What is a differentiable linear transformation?

A differentiable linear transformation is a mathematical function that maps one vector space to another, while preserving the properties of linearity and differentiability. This means that the transformation can be described by a linear equation and its derivative exists at every point in its domain.

What are the properties of a differentiable linear transformation?

A differentiable linear transformation has two key properties: linearity and differentiability. Linearity means that the transformation preserves scalar multiplication and vector addition, while differentiability means that the transformation has a well-defined derivative at every point in its domain.

How is a differentiable linear transformation represented?

A differentiable linear transformation can be represented using a matrix. The matrix representation of a linear transformation is a set of numbers arranged in a rectangular array, where each number represents the coefficient of a variable in the linear equation.
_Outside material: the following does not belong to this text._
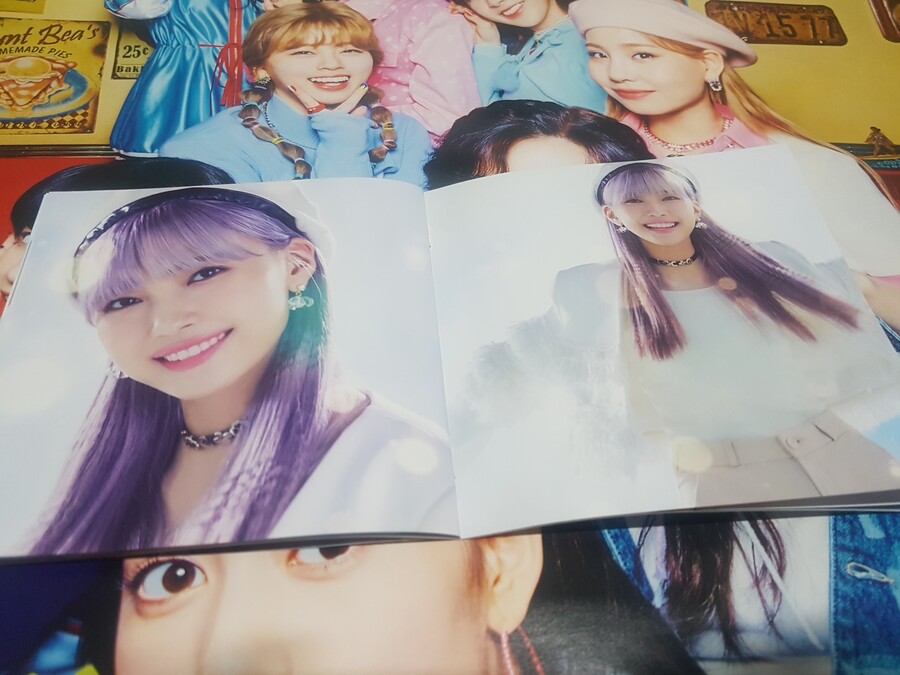 니쥬 (NiziU) - 싱글앨범_12.jpg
What is the importance of differentiable linear transformations in science?

Differentiable linear transformations are important in science because they allow us to model and understand complex systems, such as physical processes and natural phenomena, using simple and elegant mathematical equations. They also provide a powerful framework for solving optimization problems and making predictions.

How are differentiable linear transformations used in machine learning?

In machine learning, differentiable linear transformations are used to model relationships between input features and output variables. They are an essential component of many popular machine learning algorithms, such as linear regression and logistic regression, and are also used in more complex models such as neural networks.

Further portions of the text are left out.